Beware Of Self Proclaimed Certification Labels

It’s great to have a product that boasts some seemingly reputable validation from a third-party source, but not all certifications are created equal. In fact, some are entirely misleading. When it comes to purchasing products with certification labels, you need to beware of the self-proclaimed certifications being used by some manufacturers.

 

Beware Of Self Proclaimed Certification Labels

The CE Offender

CE, you’ve probably seen the mark before. You’ll find this mark among certification labels on a myriad of electronics. But how many of us know what it is? For example, did you know that CE isn’t a certification at all?

The CE marking is a self-identifying mark that manufacturers place on their products to declare that they are in compliance with the standards of Conformité Européenne (meaning: European Community). The CE mark is used to identify electrical products that are said, and the keyword here is “said”, to fall under the expectations set by European legislation.

However, the unfortunate downside for consumers is that some manufacturers will use this mark as a pseudo certification. Remember, CE is a self-proclaimed mark of compliance. There are no protocols, no testing, and no third-party validation necessary for a product to bare the CE mark. Any manufacturer can stamp it on their product as a claim to safety, but that claim only goes as far as the manufacturer’s word. In other words, the CE mark alone should offer no reassure to a consumer that the product is safe or efficient at what it does. So if you’re considering the purchase of a product that boasts nothing more than a CE mark, you should really reconsider ever getting it in the first place.

 

The National Electrical Code (Another Misused Mark)

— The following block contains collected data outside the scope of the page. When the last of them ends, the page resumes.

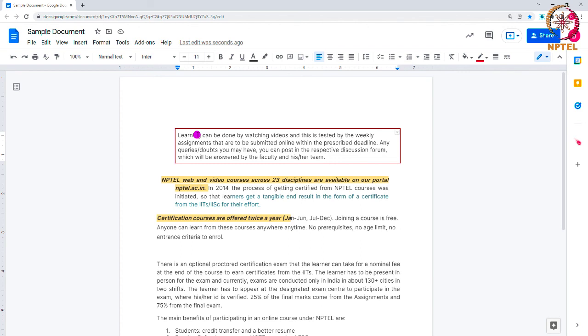Today we discussed most of the formatting options in Google Docs, which will help your document look good and professional. Thank you.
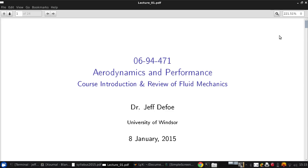And I'll be back for the second lecture on next Tuesday. So, without further ado, let's begin.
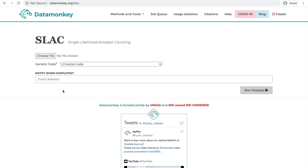Then you'll see the SLAC landing page where you can upload your sequence file of choice, choose what genetic code you need to use, and enter your email if you wish to be notified when your analysis is finished running, which I highly recommend.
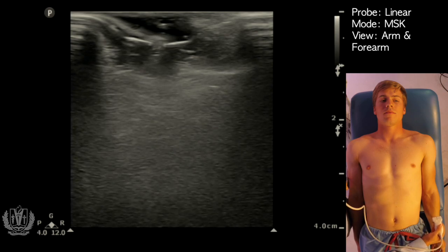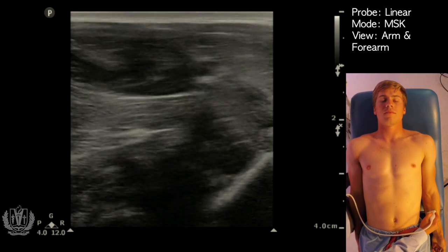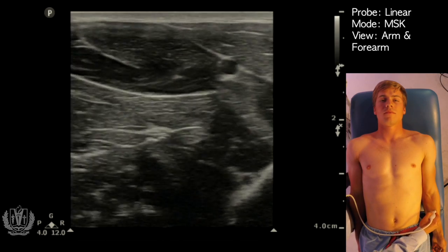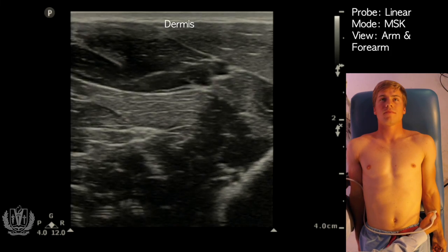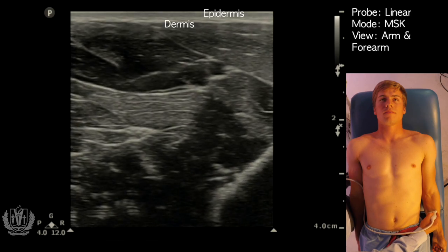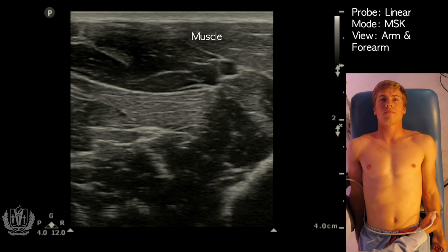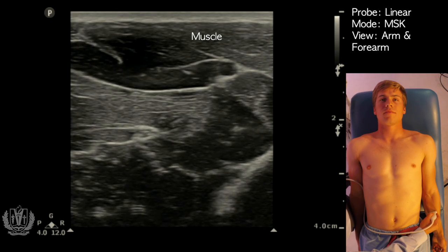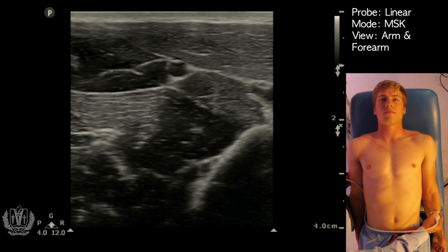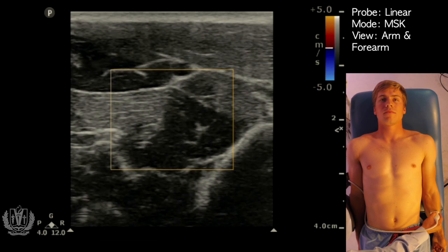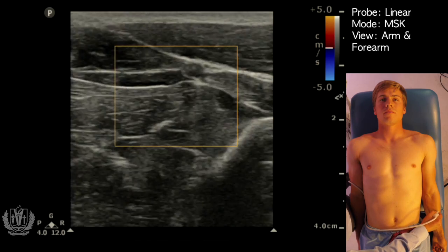I'm going to look at his mid forearm right here and identify some structures. Going from top to bottom, the very top layer is going to be your dermis and epidermis, and just posterior to that you see muscle and some fascial layers. In the middle you can see a little pulsating structure that's actually an artery, which you can confirm with color flow Doppler.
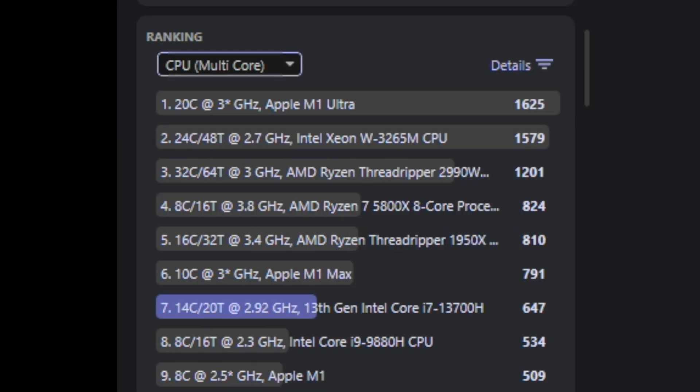As for the multi-core results, this device scored 647 points, ranking at 7 compared to a few AMD Ryzen processors, while the top ranking was also Apple's M1 Ultra again, with a score of 1625.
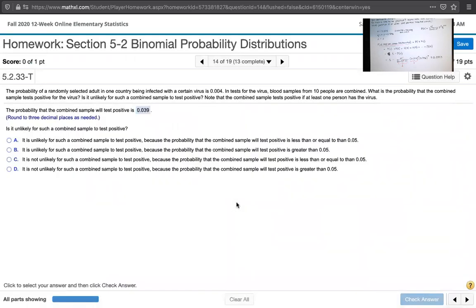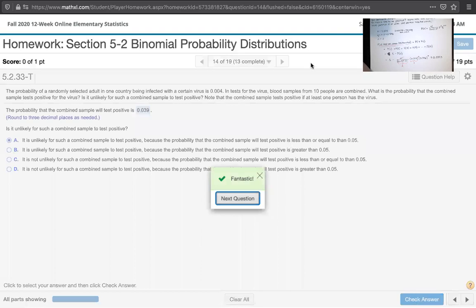The question asks: is it unlikely for such a combined sample to test positive? To decide, we compare our probability to 0.05. The probability that the combined sample tests positive is 0.039, which is a 3.9% chance. Since 3.9% is less than 5%, or the probability is less than 0.05, this event is rare — so it is unlikely for such a combined sample to test positive.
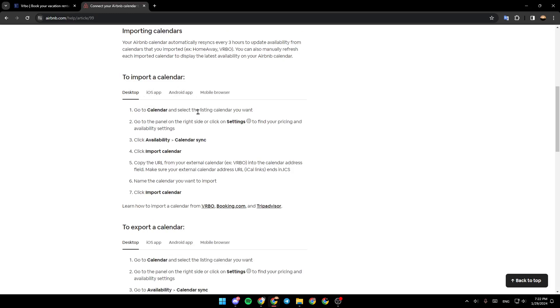calendar and select the listing calendar you want. Go to the panel on the right side or click on settings to find your pricing and availability settings. Click availability and then click on calendar sync. Click import calendar, copy the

It sounds very legitimate; doesn’t it—the National Electrical Code? But the misuse of this code is even more ridiculous than the first. This common reference is abbreviated as NEC, and is also used by some manufacturers to provide customer assurance where it isn’t warranted. The problem with touting compliance with the National Electrical Code for electronics is the simple fact that it is entirely irrelevant.

The reason for the irrelevance is the fact that the National Electric Code is used as a compliance measure for wiring commercial and residential buildings with electricity. That’s right, buildings. Now how absurd would it be for an electronics manufacturer to say their product complies with the National Electrical Code? The moral of the story, beware of self-proclaimed certification labels.